Advisors Ramp Up Use of Alternatives

An increasing number of financial advisors advocate using alternative investments in client portfolios as a way to increase diversification, according to the 2010 Rydex|SGI Annual AdvisorBenchmarking Study.

Approximately 71% of the advisors surveyed advocate using alternatives for their clients, with 19% having at least half of their clients invested in alternatives. Diversification is continues to be the main driver for advisors using alternatives. In 2007, 60% of advisors surveyed cited diversification as the primary reason for investing in alternatives. In 2009 that number rose to 76%.

The study also showed that advisory firms that use alternative investments often have more clients and assets under management compared with those who use little to no alternative investments.
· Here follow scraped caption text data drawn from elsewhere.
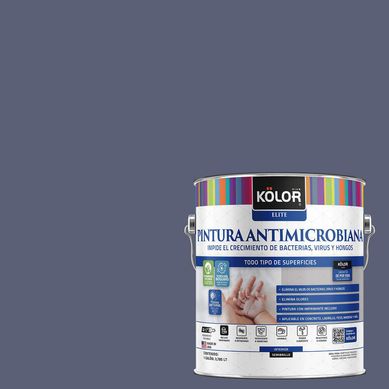 Pintura Antimicrobiana Semibrillante 1 galn(es) Gris Siparia 
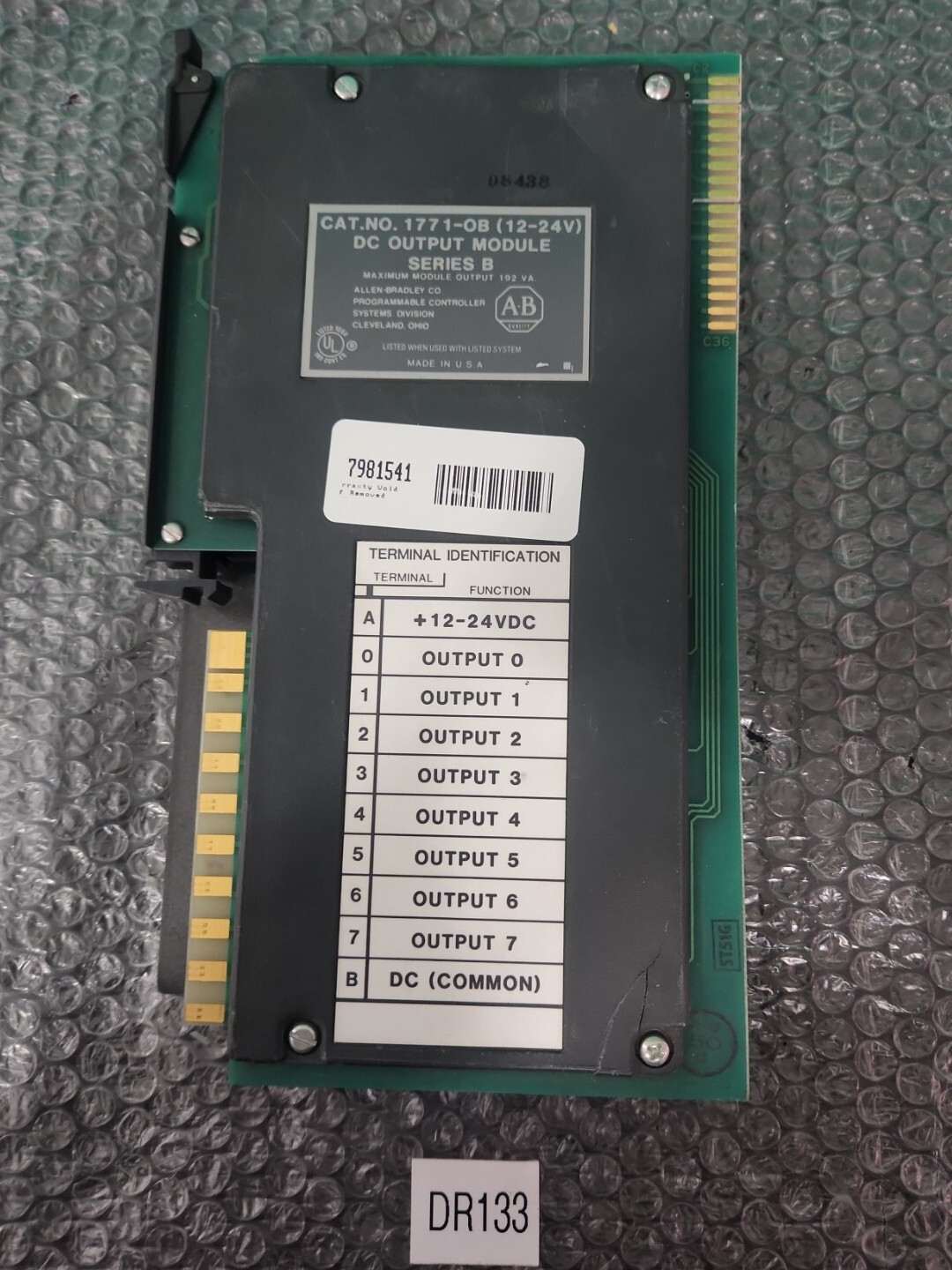 *PREOWNED* Allen Bradley 1771-OB DC Output Module 1771OB 12-24V ||⚡️🇺🇸 SHIP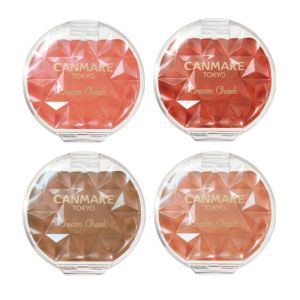 【Direct From Japan】CANMAKE Cream Blush Pearl | Rose Petal (Shade P02) | Glowy & Natural Blush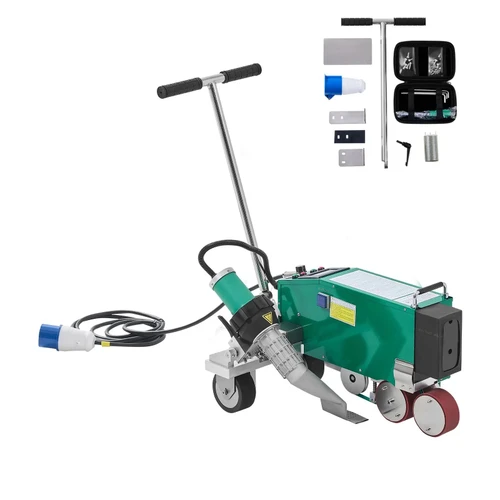 4200W Roofing Hot Air Welder, 220V PVC/TPO/CPE Plastic Welding Machine, 1.57" Width, 0.04-0.12" Thickness, 68-1202F Heat Range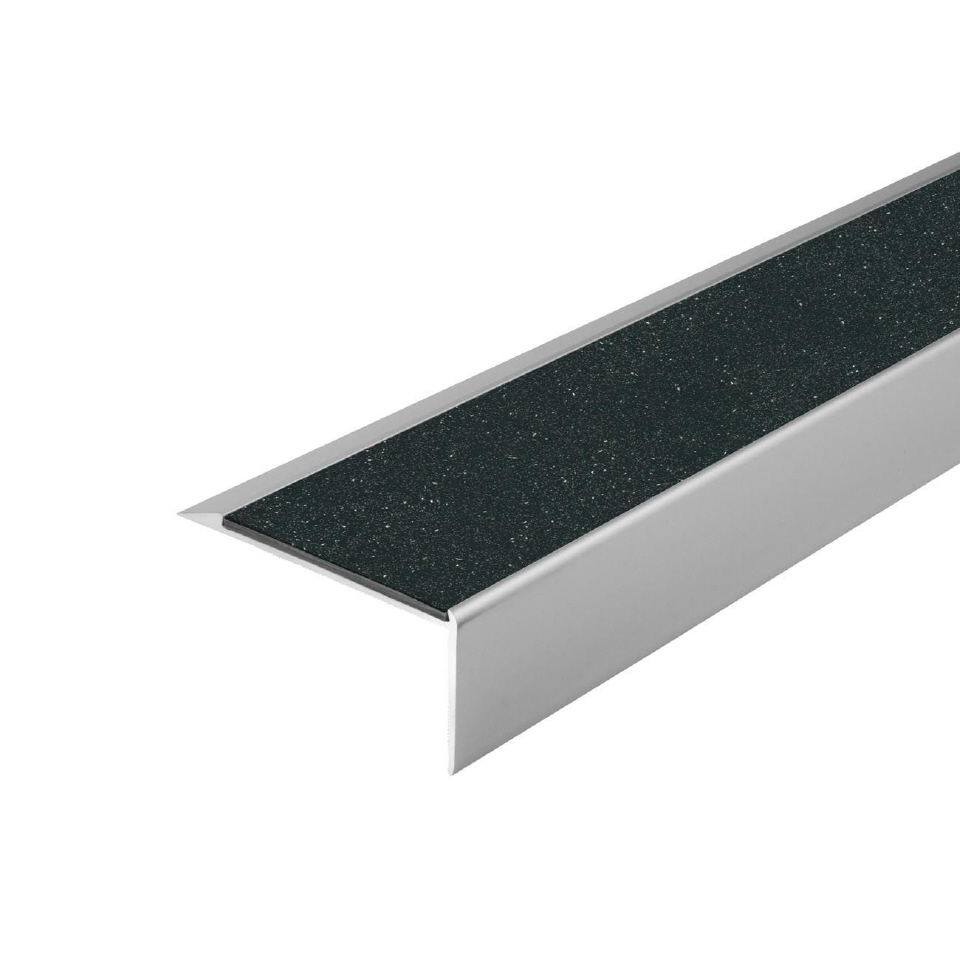 Trappenese i eloksert aluminium med Forbo ilegg 64 x 30 mm - Bilde 39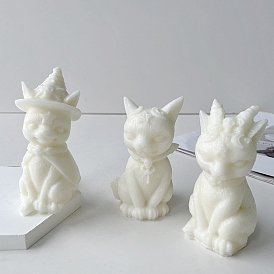 3D Egyptian Cat DIY Silicone Candle Molds, Aromatherapy Candle Moulds, Scented Candle Making Molds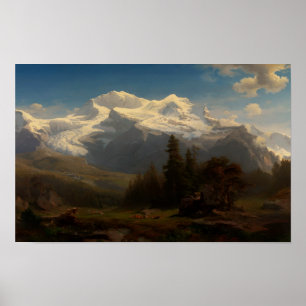 Poster Alpes suíços
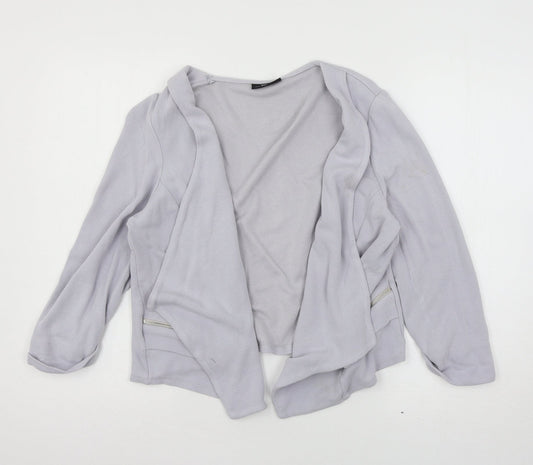 Wallis Womens Blue  Knit Cardigan Jumper Size M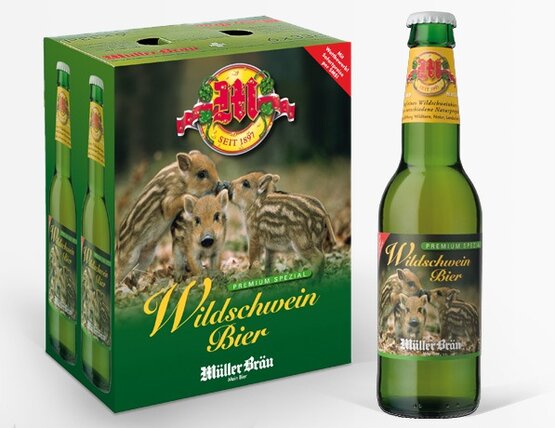 Wildschweinbier Premium Spezial Müller Bräu 6-Pack EW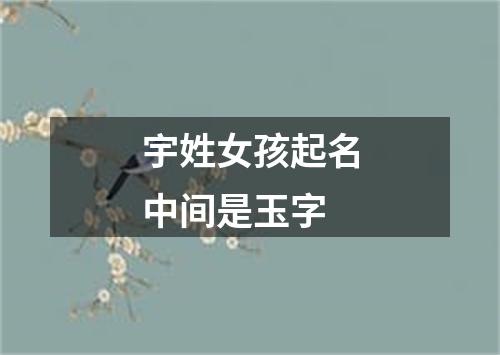 宇姓女孩起名中间是玉字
Firms that allocate at least 10% of client portfolios to alternatives had on average 536 clients and $651 million in AUM. Those with less than 10% allocated to alternatives averaged 436 clients and $223 million in AUM.

The study suggests that the use of alternatives will only increase in the coming years. More than half (61%) of advisors expect to increase their use of alternative investments in the next three years, while only 2% expect to decrease their current usage. The average advisor’s typical client portfolio had 8% invested in alternatives and 11% invested in alternative asset mutual funds. Most RIAs surveyed currently advocate using alternative investments either for many clients (46%) or for a select few clients (24%).

Salvador Flores, principal of Flores Capital Management in Chandler, Ariz., began investing in alternative assets three years ago. Every one of his clients has some form of alternatives in their portfolio. Allocation depends on the person—age, where they are in terms of distribution, etc.—but they have at least 10% allocated to alternatives as an introduction. This could mean hedge funds, commodities, private equity, real estate or other alternative strategies.  Flores says that alternatives are an effective way to introduce another sleeve of investments in portfolio that can give consistency to a portfolio and help mitigate risk.

“Back in the old days you could buy stocks and bonds and some real estate and do ok, but today you have to look at some alternative investments as well,” Flores told Financial Planning magazine in October.